■ SUPPLIED RECORDS ■
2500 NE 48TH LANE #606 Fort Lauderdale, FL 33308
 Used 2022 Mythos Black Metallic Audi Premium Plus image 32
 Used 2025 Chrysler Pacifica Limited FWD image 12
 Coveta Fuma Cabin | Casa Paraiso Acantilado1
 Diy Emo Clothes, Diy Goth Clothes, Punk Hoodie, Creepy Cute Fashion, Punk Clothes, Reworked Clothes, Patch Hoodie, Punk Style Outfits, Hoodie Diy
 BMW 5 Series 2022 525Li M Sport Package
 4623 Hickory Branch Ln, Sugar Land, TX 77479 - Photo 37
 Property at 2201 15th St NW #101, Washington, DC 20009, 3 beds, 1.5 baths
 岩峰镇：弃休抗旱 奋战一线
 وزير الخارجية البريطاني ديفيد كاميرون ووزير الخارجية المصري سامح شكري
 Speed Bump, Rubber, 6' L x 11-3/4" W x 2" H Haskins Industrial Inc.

■ HOW TO COMPLETE THIS TASK ■
Give again the lines from the line holding "Property at 2201" through the close of the listing, both included, exactly as written and with nothing else.

■ ANSWER SPACE ■
 Property at 2201 15th St NW #101, Washington, DC 20009, 3 beds, 1.5 baths
 岩峰镇：弃休抗旱 奋战一线
 وزير الخارجية البريطاني ديفيد كاميرون ووزير الخارجية المصري سامح شكري
 Speed Bump, Rubber, 6' L x 11-3/4" W x 2" H Haskins Industrial Inc.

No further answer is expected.